Working methods differ, but the basic process is the same: conception, organization, implementation, revision, (and finally) publication. How a writer goes about navigating that process is his business.
I still don’t know what sort of soccer book I’m going to write. When I first got interested in writing about soccer (the latter part of 2011) my first idea was to write a book about youth soccer, a vaguely fictional memoir about a dad coaching his son’s team. The first thing I did was a “literature search.”
When I was in graduate school, I had to come up with an original research problem. That original problem would be the subject of the dissertation I would need to write to complete my degree.
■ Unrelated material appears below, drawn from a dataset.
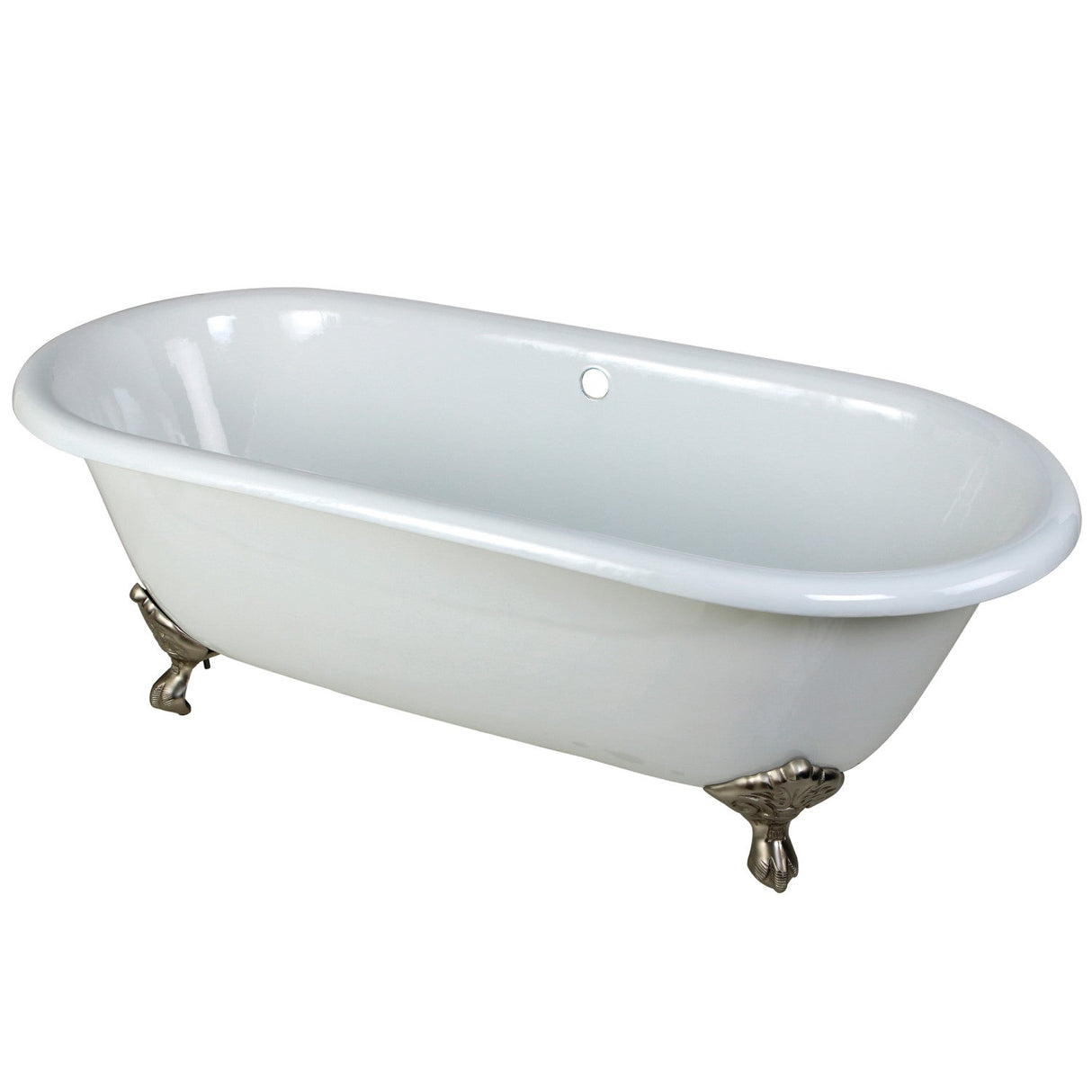 Aqua Eden VCTND663013NB8 66-Inch Cast Iron Double Ended Clawfoot Tub (No Faucet Drillings), White/Brushed Nickel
The originality of the idea was key. I couldn’t just do something that had already been done, the idea had to be completely fresh, something new in the world, pertaining to a problem that had never been solved before. So each time I came up with an idea (the conception phase) I’d trudge off to the library (the Internet was still in its infancy back then) and do a literature search. The mechanics were slightly different than doing a Google search, but the idea is the same. The literature search had to be complete and exhaustive. The worst thing is to pick a project, spend a year or two working on it, and then discover that it’s already been done before.
It didn’t take me long to find Jim Haner’s book Soccerhead. The subtitle of the book gives you an idea of what the subject matter is: “An accidental journey into the heart of the American game.” But it’s the premise that gives the book its structure: a dad who gets drafted to coach his son’s soccer team learns about the game and it’s history and development. Haner covers the story of soccer in America, giving an entertaining history of the game embedded in the context of his trials and tribulations as a youth soccer coach. It’s a brilliantly done book. And there’s no reason why I should try to rewrite it. Okay, perhaps things are different in the US, ten years since Soccerhead‘s publication, but there are other soccer books I could write, so why redo that one?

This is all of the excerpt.